Exercise:
Every line with the word "Panel" in it should be extracted from the data that follows.

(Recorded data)
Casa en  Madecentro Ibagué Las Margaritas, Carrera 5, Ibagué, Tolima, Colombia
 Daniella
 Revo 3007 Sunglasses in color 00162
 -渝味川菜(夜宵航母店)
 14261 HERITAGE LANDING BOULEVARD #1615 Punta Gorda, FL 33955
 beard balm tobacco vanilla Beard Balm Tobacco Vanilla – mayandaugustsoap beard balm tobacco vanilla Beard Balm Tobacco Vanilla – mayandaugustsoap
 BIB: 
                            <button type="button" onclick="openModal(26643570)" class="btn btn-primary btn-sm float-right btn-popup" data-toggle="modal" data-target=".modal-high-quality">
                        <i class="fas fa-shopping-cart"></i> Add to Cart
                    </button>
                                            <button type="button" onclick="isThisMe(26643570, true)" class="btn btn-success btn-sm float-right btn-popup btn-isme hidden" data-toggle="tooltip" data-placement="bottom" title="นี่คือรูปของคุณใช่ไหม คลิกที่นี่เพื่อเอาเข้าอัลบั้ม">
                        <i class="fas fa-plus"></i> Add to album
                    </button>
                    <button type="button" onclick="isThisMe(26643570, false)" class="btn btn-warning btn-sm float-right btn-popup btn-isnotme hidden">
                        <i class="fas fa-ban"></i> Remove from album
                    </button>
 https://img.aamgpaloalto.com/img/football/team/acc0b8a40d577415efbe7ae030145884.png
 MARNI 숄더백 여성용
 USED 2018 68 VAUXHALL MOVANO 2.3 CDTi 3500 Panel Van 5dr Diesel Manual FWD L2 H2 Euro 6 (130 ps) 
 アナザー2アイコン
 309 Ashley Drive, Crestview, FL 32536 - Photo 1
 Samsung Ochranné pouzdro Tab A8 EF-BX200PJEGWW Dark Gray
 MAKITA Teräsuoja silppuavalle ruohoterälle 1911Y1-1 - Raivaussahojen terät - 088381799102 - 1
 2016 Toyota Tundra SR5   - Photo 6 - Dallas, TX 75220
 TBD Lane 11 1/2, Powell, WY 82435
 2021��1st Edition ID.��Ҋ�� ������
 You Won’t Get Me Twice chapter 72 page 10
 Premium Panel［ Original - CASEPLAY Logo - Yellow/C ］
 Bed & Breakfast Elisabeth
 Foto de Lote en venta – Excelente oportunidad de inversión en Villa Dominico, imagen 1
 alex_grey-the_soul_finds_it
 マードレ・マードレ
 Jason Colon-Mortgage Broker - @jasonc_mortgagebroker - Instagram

Result below:
 USED 2018 68 VAUXHALL MOVANO 2.3 CDTi 3500 Panel Van 5dr Diesel Manual FWD L2 H2 Euro 6 (130 ps) 
 Premium Panel［ Original - CASEPLAY Logo - Yellow/C ］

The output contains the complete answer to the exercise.